The highest possible value of $F_1$ score is 1.0, indicating perfect precision and recall, and the lowest value is 0, if either precision or recall are zero.
Definition
Harmonic Mean
In mathematics, the harmonic mean is one of several kind of average. The harmonic mean $H$ of the positive real numbers $x_1, x_2,…, x_n$ is defined to be
\[H(x_1, x_2, ...., x_n) = \frac{n}{\frac{1}{x_1} + \frac{1}{x_2} + ... + \frac{1}{x_n}} = \frac{n}{\sum_{i=1}^{n}\frac{1}{x_i}}\]Precision and Recall
Precision ($P$) is defined as number of true positives ($TP$) over the number of true positives plus the number of false positives ($FP$)
\[P = \frac{TP}{TP+FP}\]Recall ($R$) is defined as number of true positives ($TP$) over the number of true positives plus the number of false negatives ($FN$)
\[R = \frac{TP}{TP+FN}\]$F_1$ score is defined as the harmonic mean of precision and recall
\[F_1 = \frac{2}{\frac{1}{P} + \frac{1}{R}} = 2 \times \frac{P \times R}{P+R}\]The relationship between recall and precision can be observed through Average Precision ($AP$)

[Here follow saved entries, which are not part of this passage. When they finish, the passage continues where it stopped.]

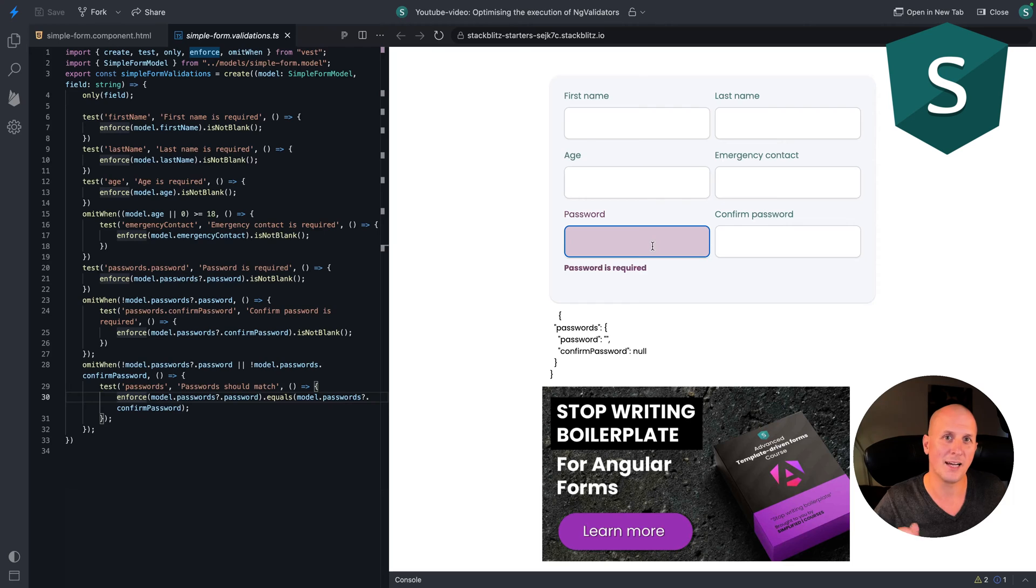Hi there, this is Brett Gliad from Simplified Courses and today we will learn how to optimize conditional validators with Angular forms.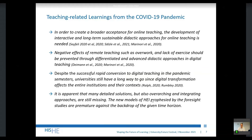From the overall results we can conclude that despite the successful rapid conversion to digital teaching during the pandemic semesters, universities still have a long way to go, since digital transformation affects entire institutions and their contexts. Generally speaking, it is apparent that many detailed solutions and overarching integrating approaches are still missing. The new models of universities prophesied by the foresight studies are somewhat premature against the backdrop of the given time horizon. Thank you very much for your attention.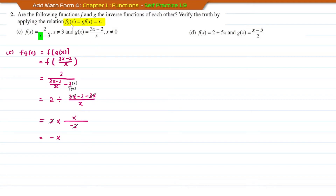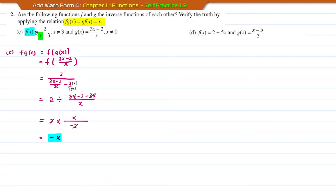Now look at this result. For F and G to be inverse functions of each other, the composite functions FG and GF must both equal x. But the answer here is negative x, not x. It already does not fulfill the relation FG = GF = x. Therefore, we can conclude that functions F and G are not inverse functions of each other. There is no need to continue with GF since FG already does not equal x.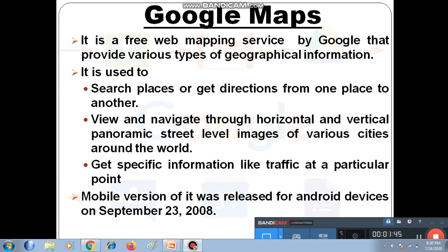If there is traffic congestion on your way, it will suggest you an alternate route. With Google Street View, you can also see street-level images, which you can find out with the help of Google Maps.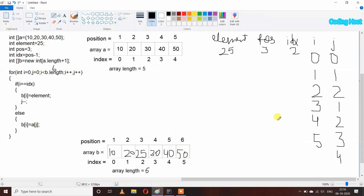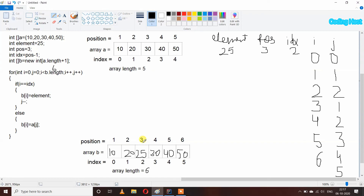After i++ and j++, i becomes 6 and j becomes 5. We again check i less than b.length: i is 6 which is not less than 6, so the condition is false and our loop breaks. We then print the values of array b and get 10, 20, 25, 30, 40, and 50, with 25 at position 3. This is how we can write a program for adding an element in a 1D array in Java.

\[AP=\sum_n(R_n-R_{n-1})P_n\]where $P_n$ and $R_n$ are the precision and recall at the $n^{th}$ threshold. A pair $(R_k, P_k)$ is referred to as an operating point as figure below
$F_1$ in binary classification tasks
>>> from sklearn import metrics
>>> y_pred = [0, 1, 0, 0]
>>> y_true = [0, 1, 0, 1]
>>> metrics.precision_score(y_true, y_pred)
1.0
>>> metrics.recall_score(y_true, y_pred)
0.5
>>> metrics.f1_score(y_true, y_pred)
0.66...
$F_1$ in multiclass and multilabel classification tasks
Precision, Recall, $F_1$ can applied to each label independently. After, There are a few ways to combine results across labels, specified by the average arguments of scikit-learn
>>> from sklearn import metrics
>>> y_true = [0, 1, 2, 0, 1, 2]
>>> y_pred = [0, 2, 1, 0, 0, 1]
>>> metrics.precision_score(y_true, y_pred, average='macro')
0.22...
>>> metrics.recall_score(y_true, y_pred, average='micro')
0.33...
>>> metrics.f1_score(y_true, y_pred, average='weighted')
0.26...
>>> metrics.fbeta_score(y_true, y_pred, average='macro', beta=0.5)
0.23...
>>> metrics.precision_recall_fscore_support(y_true, y_pred, beta=0.5, average=None)
(array([0.66..., 0. , 0. ]), array([1., 0., 0.]), array([0.71..., 0. , 0. ]), array([2, 2, 2]...))
Conclusions
The $F_1$ score is often used in machine learning. However, the $F_1$ do not take True negatives $(TN)$ into account.